L’expert allemand va plus loin en démontrant techniquement que la conversation supposée n’a pas été faite par le moyen du téléphone portable. C’est assurément un tournant dans la vie de ces écoutes. L’enregistrement qui est entre les mains de la justice militaire depuis le mois de novembre 2015 aurait donc été obtenu par le moyen d’Internet. Aussi curieux que cela paraisse, le juge militaire aurait entre les mains, le même document mis en circulation sur le Net en novembre 2015. Si la conversation a été passée par le moyen des téléphones mobiles, ces enregistrements Internet ne sauraient tenir lieu d’original.
Sans l’original de l’enregistrement, l’exploitation judiciaire de cette pièce à conviction est injustifiable. Le maintien de Djibrill Bassolé en prison sur ce seul motif va devenir assurément plus problématique, même si une certaine opinion voudrait le voir moisir en prison, pour des raisons purement politiques.
L’auteur de l’enregistrement, est totalement inconnu. On ne sait pas s’il s’agit d’une autorité compétente, ni par quelle procédure le document a été transmis au juge. On reste sur un document, techniquement douteux, lancé sur le Net, par on ne sait qui, et dont le but était de créer un buzz ; chose courante, par ailleurs.
Mais le procureur près le tribunal militaire (commissaire du gouvernement ), droit dans ses bottes, déclare que le contenu de rapport sera versé au dossier de la procédure. Et pour couper court à toute possibilité à la défense de faire de ce nouveau dysfonctionnement pour consolider la demande de libération provisoire de M. Bassolé, le commissaire du gouvernement ajoute que le contenu du rapport sera dévoilé lors du jugement, à l’audience publique.
Ce faisant, il passe outre la question de la validité même de ces enregistrements, qui détermine le maintien ou non de Djibrill Bassolé en détention. Cela se comprend dans une certaine mesure, car tirer les conclusions normales de ce rapport, et invalider les enregistrements en tant que pièce du dossier, reviendrait à démonter tout l’édifice politico-judiciaire monté contre Djibrill Bassolé.
On le savait depuis le début, et l’attitude de la justice militaire le confirme à chaque étape : le principal crime de Djibrill Bassolé, remonte à une période antérieure à la tentative de coup d’Etat de novembre 2015, son principal crime est d’avoir eu des velléités de candidature à la présidentielle.
La Cour de justice de la CEDEAO saisie par Djibrill Bassolé, n’avait pas pu « évaluer l’existence réelle de ces écoutes ; parce que « aucun acte précis de l’enquête n’est reversé au dossier relatif aux écoutes ».
Cette même Cour de justice de la CEDEAO avait à deux reprises statué que les droits de M. Djibrill Bassolé avaient été violés.
Tirer les conclusions logiques de la non-fiabilité de ces enregistrements reviendrait pour le commissaire du gouvernement et pour la justice militaire à admettre qu’ils avaient, dès le départ, fait fausse route dans cette affaire.
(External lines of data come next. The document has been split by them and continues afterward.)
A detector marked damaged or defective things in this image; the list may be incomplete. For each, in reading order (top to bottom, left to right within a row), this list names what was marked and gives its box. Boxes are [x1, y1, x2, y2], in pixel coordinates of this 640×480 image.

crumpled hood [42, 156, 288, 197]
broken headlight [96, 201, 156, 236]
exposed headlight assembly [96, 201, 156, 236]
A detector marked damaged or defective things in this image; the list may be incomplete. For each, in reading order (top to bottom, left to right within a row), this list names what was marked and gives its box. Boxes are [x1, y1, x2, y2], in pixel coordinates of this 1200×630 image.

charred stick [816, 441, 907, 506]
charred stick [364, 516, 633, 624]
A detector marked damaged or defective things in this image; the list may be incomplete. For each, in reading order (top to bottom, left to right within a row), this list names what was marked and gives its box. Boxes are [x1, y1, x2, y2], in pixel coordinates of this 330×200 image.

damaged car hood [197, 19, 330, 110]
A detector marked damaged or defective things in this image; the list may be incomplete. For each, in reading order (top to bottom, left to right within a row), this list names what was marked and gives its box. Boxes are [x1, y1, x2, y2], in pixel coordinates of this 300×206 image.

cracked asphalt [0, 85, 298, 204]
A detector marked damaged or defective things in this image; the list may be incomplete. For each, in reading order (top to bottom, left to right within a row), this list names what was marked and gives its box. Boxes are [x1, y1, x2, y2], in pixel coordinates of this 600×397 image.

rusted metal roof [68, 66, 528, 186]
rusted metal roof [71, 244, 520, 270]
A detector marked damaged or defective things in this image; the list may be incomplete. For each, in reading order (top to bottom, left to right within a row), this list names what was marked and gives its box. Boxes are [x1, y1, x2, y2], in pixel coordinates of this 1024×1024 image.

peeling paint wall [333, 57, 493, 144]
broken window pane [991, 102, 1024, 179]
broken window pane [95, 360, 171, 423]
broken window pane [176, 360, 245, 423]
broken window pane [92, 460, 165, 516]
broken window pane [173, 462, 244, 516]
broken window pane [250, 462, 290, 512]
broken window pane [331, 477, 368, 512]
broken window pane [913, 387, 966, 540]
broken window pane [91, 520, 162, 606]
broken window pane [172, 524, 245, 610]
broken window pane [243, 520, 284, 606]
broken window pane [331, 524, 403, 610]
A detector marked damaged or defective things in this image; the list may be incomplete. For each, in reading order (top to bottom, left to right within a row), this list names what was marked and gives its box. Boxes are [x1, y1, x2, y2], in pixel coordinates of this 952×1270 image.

A tout le moins, le maintien en détention de Djibrill Bassolé est le prix pour que ces augustes autorités ne perdent pas la face.
Ce qui est devenu l’affaire Bassolé est une patate chaude lancée aux autorités actuelles par la Transition (voir les déclarations de Zida pour accabler Bassolé) ; elles devraient faire preuve de tact et d’objectivité pour confirmer que dans la marche actuelle du peuple burkinabè vers la consolidation des acquis démocratiques, l’indépendance de la justice et le respect des engagements de l’Etat ne sont pas de vains mots.